Ms Lyons went on to say that, even if the applicant's reasons for seeking access to the withheld details could be said to amount to a valid public interest argument, she did not consider the extent to which that public interest would be so served would be sufficient to require the breach of the rights to privacy of the third party or parties whose information is at issue. Ms Lyons also noted that, while the FOI Act recognises the public interest in persons being able to exercise their rights under the Freedom of Information Act, she did not consider that this public interest alone would be sufficient to warrant the breach of a third party's right to privacy. Thus, she was of the view that the HSE was justified in refusing access to the withheld details.
Ms Lyons invited the applicant to make submissions to the Commissioner if he did not accept her views, and told him that the burden of demonstrating that there are true public interest(s), which outweigh the right to privacy of the third party or parties whose personal information is at issue, fell upon him. However, the applicant did not respond to her preliminary views letter. Given the inherently private nature of the withheld details, I agree with Ms Lyons' view that the public interest in granting the applicant's request does not outweigh the public interest in upholding the privacy interests of the third party or parties concerned. I find accordingly.
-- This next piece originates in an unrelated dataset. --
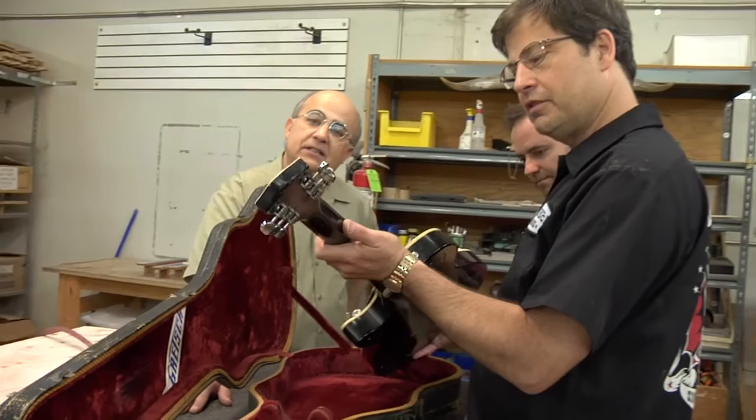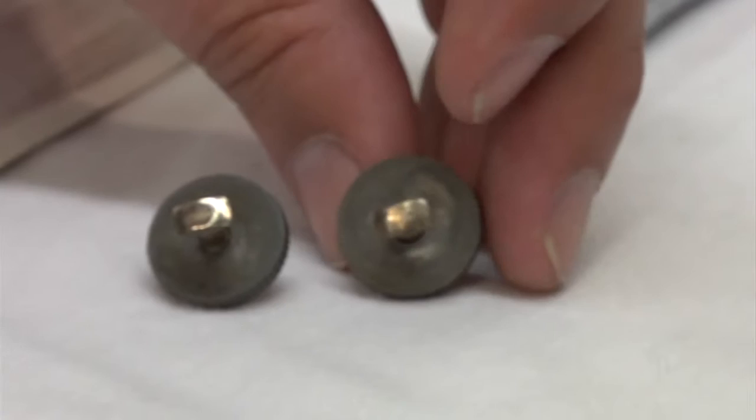The original guitar we had in our possession for three days, and we were very fortunate to have it for that long. We were able to take detailed measurements and drawings of the bridge, the thumb wheels, and the posts.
Section 28(5)(b) provides that a record, which has been found to be exempt under section 28(1), may still be released if it can be demonstrated that the grant of the request would benefit the third party or parties whose information may be released. I agree with Ms Lyons' view that release of the withheld details would not "benefit the individual" to whom it relates (i.e. the third party or parties) and thus I find that the withheld details should not be released further to section 28(5)(b) of the FOI Act.
Having carried out a review under section 34(2) of the FOI Act, I hereby affirm the HSE's refusal of the withheld details.
A party to a review, or any other person affected by a decision of the Information Commissioner following a review, may appeal to the High Court on a point of law arising from the decision. Such an appeal must be initiated not later than eight weeks from the date on which notice of the decision was given to the person bringing the appeal.